-- SUPPLIED RECORDS --
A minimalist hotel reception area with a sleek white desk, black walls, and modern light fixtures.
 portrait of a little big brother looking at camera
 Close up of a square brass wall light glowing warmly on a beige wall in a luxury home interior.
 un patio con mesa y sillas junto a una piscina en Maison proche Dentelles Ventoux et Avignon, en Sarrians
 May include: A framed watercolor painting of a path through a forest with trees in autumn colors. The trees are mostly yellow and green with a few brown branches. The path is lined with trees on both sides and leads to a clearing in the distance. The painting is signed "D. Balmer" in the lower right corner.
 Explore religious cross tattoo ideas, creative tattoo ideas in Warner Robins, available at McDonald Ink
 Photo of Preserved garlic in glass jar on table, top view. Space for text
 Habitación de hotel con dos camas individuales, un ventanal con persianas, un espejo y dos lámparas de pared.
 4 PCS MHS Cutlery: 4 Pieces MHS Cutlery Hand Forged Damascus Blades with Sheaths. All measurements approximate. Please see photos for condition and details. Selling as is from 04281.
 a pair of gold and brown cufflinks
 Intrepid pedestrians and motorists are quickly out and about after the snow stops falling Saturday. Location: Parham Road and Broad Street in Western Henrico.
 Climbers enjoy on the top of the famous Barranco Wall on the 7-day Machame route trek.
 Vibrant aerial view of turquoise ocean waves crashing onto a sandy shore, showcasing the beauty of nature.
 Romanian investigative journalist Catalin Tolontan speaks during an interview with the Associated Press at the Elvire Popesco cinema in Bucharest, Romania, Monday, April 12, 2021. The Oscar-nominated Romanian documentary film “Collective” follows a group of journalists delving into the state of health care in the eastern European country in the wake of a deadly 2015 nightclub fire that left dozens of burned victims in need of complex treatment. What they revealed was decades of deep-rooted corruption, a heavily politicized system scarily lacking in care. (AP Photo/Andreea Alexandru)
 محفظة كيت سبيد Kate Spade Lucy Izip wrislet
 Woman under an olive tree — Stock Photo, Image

-- WHAT THE TASK REQUIRES --
Only an exact copy of all the data will do as the answer.

-- REPLY --
A minimalist hotel reception area with a sleek white desk, black walls, and modern light fixtures.
 portrait of a little big brother looking at camera
 Close up of a square brass wall light glowing warmly on a beige wall in a luxury home interior.
 un patio con mesa y sillas junto a una piscina en Maison proche Dentelles Ventoux et Avignon, en Sarrians
 May include: A framed watercolor painting of a path through a forest with trees in autumn colors. The trees are mostly yellow and green with a few brown branches. The path is lined with trees on both sides and leads to a clearing in the distance. The painting is signed "D. Balmer" in the lower right corner.
 Explore religious cross tattoo ideas, creative tattoo ideas in Warner Robins, available at McDonald Ink
 Photo of Preserved garlic in glass jar on table, top view. Space for text
 Habitación de hotel con dos camas individuales, un ventanal con persianas, un espejo y dos lámparas de pared.
 4 PCS MHS Cutlery: 4 Pieces MHS Cutlery Hand Forged Damascus Blades with Sheaths. All measurements approximate. Please see photos for condition and details. Selling as is from 04281.
 a pair of gold and brown cufflinks
 Intrepid pedestrians and motorists are quickly out and about after the snow stops falling Saturday. Location: Parham Road and Broad Street in Western Henrico.
 Climbers enjoy on the top of the famous Barranco Wall on the 7-day Machame route trek.
 Vibrant aerial view of turquoise ocean waves crashing onto a sandy shore, showcasing the beauty of nature.
 Romanian investigative journalist Catalin Tolontan speaks during an interview with the Associated Press at the Elvire Popesco cinema in Bucharest, Romania, Monday, April 12, 2021. The Oscar-nominated Romanian documentary film “Collective” follows a group of journalists delving into the state of health care in the eastern European country in the wake of a deadly 2015 nightclub fire that left dozens of burned victims in need of complex treatment. What they revealed was decades of deep-rooted corruption, a heavily politicized system scarily lacking in care. (AP Photo/Andreea Alexandru)
 محفظة كيت سبيد Kate Spade Lucy Izip wrislet
 Woman under an olive tree — Stock Photo, Image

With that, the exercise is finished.